Using DHCP means that you should not rely on which address you get, therefore is not clever to bind on expected ip address one gets. DAD on the other hand is needed by IPv6 and it is by default performed every time one assign an address. It means that it is part of assigning and should be waited for by configuration tool.

Put it in simple way, having network configuration tool, I expect having usable network after telling it "configure my network". Running it during boot I expect that it has mechanism to keep boot process predictable. Now we have situation in which setting IPv6 address is not predictable as ifupdown2 does exit sucessfully before network is usable and it has no mechanism to announce network readiness .

Best solution from my point of view is (and I guess is simplest to implement):

  1. make ifup wait until DHCP and DAD finish
  2. make Debian default networking.service file more or less same as Debian default is

Doing 1) makes things easy: I can trust ifup to quit when I can use my network, for 2) I should maybe send bug issue to Debian package maintainers as it is their problem more then yours, I believe (if you are not maintaing them also).

@daveolson53
Copy link
Contributor

OK, thanks for letting us know what worked for you.

In my opinion, we can't have Wants=network.target for networking.service, because networking.service is what provides the network.target, and that creates a circular dependency.

I understand why you say that you want everything working when networking.service completes, but that's not the way the systemd team defined things (that's why they have a separate networking-online.target).

It's also not what happens with init.d or upstart-based /etc/init.d/network. When that script completes, eth0 (or whatever) is typically not yet up and running, if it uses dhcp (or wifi). I suspect, but don't know for sure, that the same is true for DAD, for the same reasons; it requires action from outside the system that is booting up (or that is having networking restarted).

So while 1 may be desirable, and at some level "possible", it's a significant change from the past, and from the systemd design.

Trying to change all of that longstanding history and design in ifupdown2 is not something that I think is a good idea.

No, the maintainer of ifupdown2 is not a maintainer for debian systemd or other networking-related packages.

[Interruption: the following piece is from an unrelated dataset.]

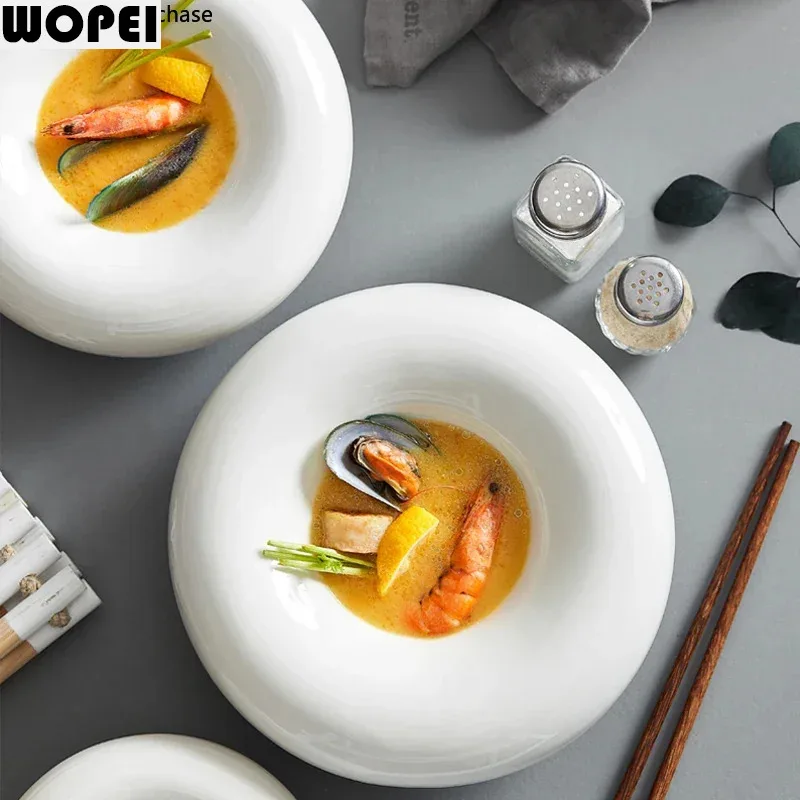 Creative White Ceramic Tableware Salad Dessert Bowl Snack Plate Household Table Decoration Cake Plate Kitchen Utensils Porcelain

You should submit a debian bug if you want to change the behavior, but you'll need to have pretty strong reasons to change historical practice, as part of your bug, if it's going to be acted upon.

@vlada-dudr
Copy link
Author

In my opinion, we can't have Wants=network.target for networking.service, because networking.service is what provides the network.target, and that creates a circular dependency.

Not really, because only thing which starts network.target is networking.service, which I posted above.

I understand why you say that you want everything working when networking.service completes, but that's not the way the systemd team defined things (that's why they have a separate networking-online.target).

Debian seems to have different understanding of network.service and network-online.target, completely ignoring latter one in its config files.

It's also not what happens with init.d or upstart-based /etc/init.d/network. When that script completes, eth0 (or whatever) is typically not yet up and running, if it uses dhcp (or wifi). I suspect, but don't know for sure, that the same is true for DAD, for the same reasons; it requires action from outside the system that is booting up (or that is having networking restarted).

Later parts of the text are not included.